Much like the ever-popular Hot Buttered Rum, most people make Egg Nogg using a store-bought premix and then adding brandy or rum.  Of course, as you can imagine I’m about to say, you need no store-bought mixture to make Egg Nogg.  And when the question comes to “Do I use Brandy or do I use Rum?” the answer is quite nicely: BOTH!

Egg Nogg

.75 oz Brandy
.75 oz Rum
.5 oz Sugar
3 oz Whole Milk or Heavy Cream
1 Whole Egg

Mix rum, brandy, sugar, egg, and milk in a mixing tin.  Fill the tin with ice and shake like your life depends on it. Strain into a glass or goblet and garnish with freshly grated nutmeg.

The recipe you see here is cribbed from my copy of The Mixicologist, which rather blatantly “borrowed” the recipe word-for-word from Jerry Thomas’ bartending guides.  Originally calling for a “large tea-spoonful” of powdered sugar and for the mixing glass to be filled the rest of the way with “rich milk,” the Olde Time recipe of Egg Nogg is actually rather boring.  In fact, much as it pains me to do so, I’m forced to agree with Jeffrey Morgenthaler that the Jerry Thomas recipe for Egg Nogg is somewhat “watery.”

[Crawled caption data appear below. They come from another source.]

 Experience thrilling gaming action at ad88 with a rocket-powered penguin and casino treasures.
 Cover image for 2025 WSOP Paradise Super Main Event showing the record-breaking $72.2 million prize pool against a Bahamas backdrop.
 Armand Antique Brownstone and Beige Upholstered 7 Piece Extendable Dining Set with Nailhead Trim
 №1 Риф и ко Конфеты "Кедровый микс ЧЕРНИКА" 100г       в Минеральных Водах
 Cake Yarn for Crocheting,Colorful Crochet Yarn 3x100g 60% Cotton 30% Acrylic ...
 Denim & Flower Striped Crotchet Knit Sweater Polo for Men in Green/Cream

There are some things that can be done to easily correct this.  I’ve already suggested above that you might use heavy cream in the place of whole milk if you find that the texture is a tad light.  In addition, instead of using just any rum, grab a dark Jamaican such as Coruba or a rum like Cruzan Blackstrap (or BOTH!) to give the nogg some depth.  If you want to spice it up a touch, grab a bottle of spiced rum like Kraken or Old New Orleans Cajun Spiced.

If you’re feeling a little more adventurous (and have access to a bottle), try adding about .25 oz of rum cream (either Cruzan or El Dorado work beautifully) to the mixture before shaking.  Add a quarter teaspoon of fresh nutmeg to the mixing tin as well to get the spices really mixed into your cup.

Question of the Day:

What goodies (cinnamon, cider, etc.) do you like to add to your Egg Nogg?

{ 13 comments }

DJ HawaiianShirt December 8, 2009 at 7:25 am

“…grab a dark Jamaican such as Coruba or a Blackstrap rum like Cruzan Blackstrap…”

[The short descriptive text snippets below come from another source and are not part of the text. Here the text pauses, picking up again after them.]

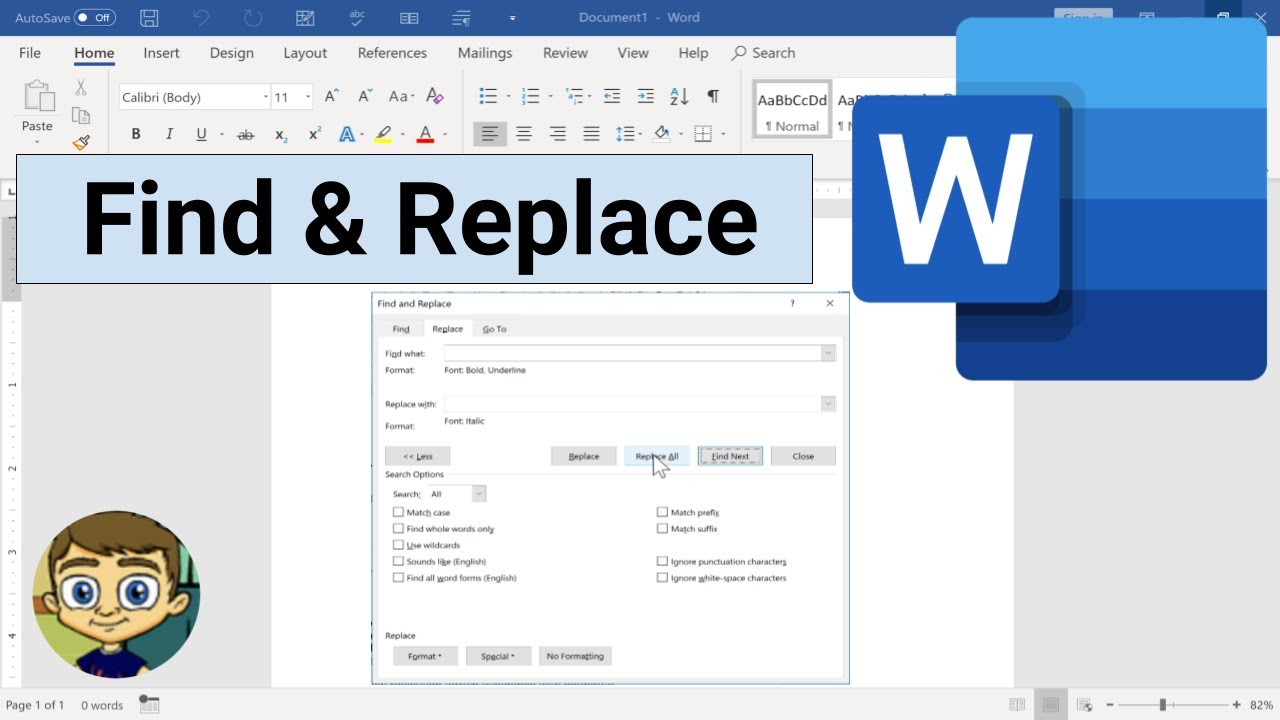 find and replace formatting in word 2013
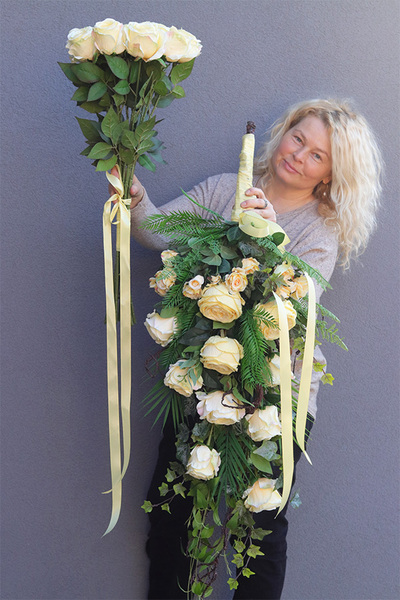 Rosalinda Roses, Rosalinda Roses Set, bukiet nagrobny do położenia, kremowy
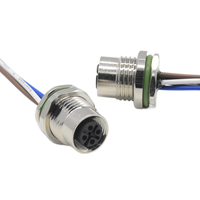 Konektor Tahan Air 5 Pin Kode a PG9 Kabel Las M12 Panel Depan Terpasang Soket Industri Betina 100mm Konektor M12
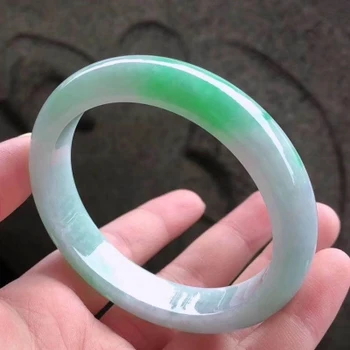 Natural Burmese Jadeite 54-64mm Light Green Flower Bracelet Elegant Princess Jewelry Best Gift 
Natural Burmese Jadeite 54-64mm Light Green Flower Bracelet Elegant Princess Jewelry Best Gift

wait, there’s more than one blackstrap rum?

Mike M December 8, 2009 at 10:22 am

Vanilla, Cinnamon, Pumpkin (Puree) are all welcome additions for me.

Ryan December 8, 2009 at 11:24 am

You might want to try adding a little pimento dram, and maybe cutting back on the sugar a bit for some extra spice, too. It’s pretty good.

Robert December 8, 2009 at 11:42 am

For me, Egg Nog is typically made and served like a punch…in large patches out of a pitcher or a bowl. I typically start with almost a creme anglaise (cooked egg yolks and sugar), add lots of cream, whipped egg whites, and some nutmeg. The whole thing gets chilled down and the spirits are added later (I usually use Brandy, but Rum would of course be acceptable or even more traditional). There’s a great standard recipe in the Joy of Cooking which can be altered and expanded upon to your hearts content!!

Suzanne Schaffner December 8, 2009 at 11:51 am

Have you ever tried a white port in egg nog? I’ve been thinking about trying our 2006 White Port in some egg nog this year. Wiens Family Cellars is a Temecula winery mostly known for “big reds” but we also have a following of White Port fans. Happy holidays!

Cocktail Enthusiast December 8, 2009 at 11:44 pm

The rum/brandy combo is definitely a good choice and my preferred method, but I’ve never tried adding rum cream. It certainly sounds like it would work. I’m making a batch of egg nogg this weekend for a holiday party, so I’ll give it a shot.

Matt Robold December 9, 2009 at 7:16 am

Some great suggestions and traditions here!

While I was researching egg nogg (i.e. drinking several glasses of it) I thought that using allspice or pimento dram might be an interesting way to spice it up.

I know there’s a version of egg nogg that uses cider, and since traditional nogg uses brandy I’ve been contemplating making one with some Applejack just to see how things turn out.

Matt Robold December 9, 2009 at 7:53 am

There are a lot of rums made with blackstrap molasses, but so few with the same character of Cruzan Blackstrap that I’ve modified the text to simply suggest a rum “like” Cruzan Blackstrap. Probably a more accurate statement.

Kasey December 9, 2009 at 8:56 pm

My eggnog-loving husband is really going to appreciate this recipe. Thanks!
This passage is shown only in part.